Welfare and Social Policy in Britain Since 1870: Essays in Honour of Jose Harris

· Oxford University Press
Ebook
256
Pages
Eligible

About this ebook

This collection of twelve essays reviews the history of welfare in Britain over the past 150 years. It focuses on the ideas that have shaped the development of British social policy, and on the thinkers who have inspired and also contested the welfare state. It thereby constructs an intellectual history of British welfare since the concept first emerged at the end of the nineteenth century. The essays divide into four sections. The first considers the transition from laissez-faire to social liberalism from the 1870s, and the enduring impact of late-Victorian philosophical idealism on the development of the welfare state. It focuses on the moral philosophy of T. H. Green and his influence on key figures in the history of British social policy like William Beveridge, R. H. Tawney, and William Temple.

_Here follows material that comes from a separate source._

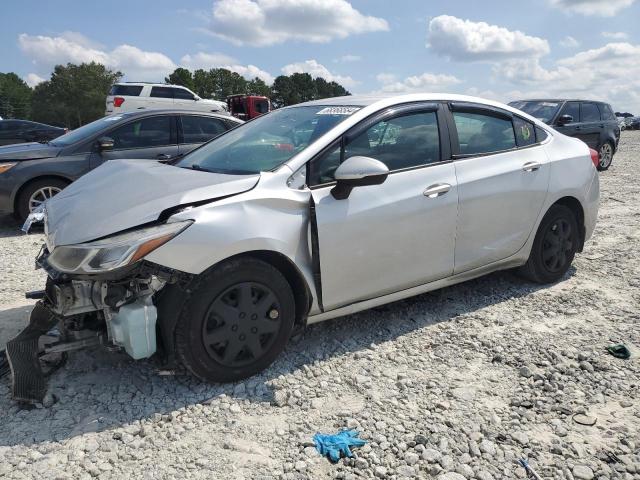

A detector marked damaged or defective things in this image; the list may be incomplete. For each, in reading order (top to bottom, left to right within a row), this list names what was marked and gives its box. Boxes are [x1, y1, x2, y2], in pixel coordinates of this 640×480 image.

exposed wheel well [13, 176, 71, 214]
broken headlight housing [45, 221, 192, 274]
exposed wheel well [552, 197, 584, 253]
damaged front end [6, 219, 192, 404]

The second section is devoted to the concept of 'planning' which was once, in the mid-twentieth century, at the heart of social policy and its implementation, but which has subsequently fallen out of favour. A third section examines the intellectual debate over the welfare state since its creation in the 1940s. Though a consensus seemed to have emerged during the Second World War over the desirability and scope of a welfare state extending 'from the cradle to the grave', libertarian and conservative critiques endured and re-emerged a generation later. A final section examines social policy and its implementation more recently, both at grass roots level in a study of community action in West London in the districts made infamous by the fire at Grenfell Tower in 2017, and at a systemic level where different models of welfare provision are shown to be in uneasy co-existence today. The collection is a tribute to Jose Harris, emeritus professor of history in the University of Oxford and a pioneer of the intellectual history of social policy. Taken together, these essays conduct the reader through the key phases and debates in the history of British welfare.

About the author

Lawrence Goldman was educated at Cambridge and at Yale where he was a Harkness Fellow. After a junior research fellowship at Trinity College, Cambridge, he spent 29 years as a university lecturer in Oxford and as a tutorial fellow of St. Peter's College, moving to the Directorship of the Institute of Historical Research in the University of London in 2014. From its publication in 2004 until 2014, he was the Editor of the Oxford Dictionary of National Biography. Throughout his career he has taught both modern British and American History and published widely on the political and social history of both countries, including studies of the history of workers' education, Victorian social science, and the biography of the political thinker and historian, R. H. Tawney.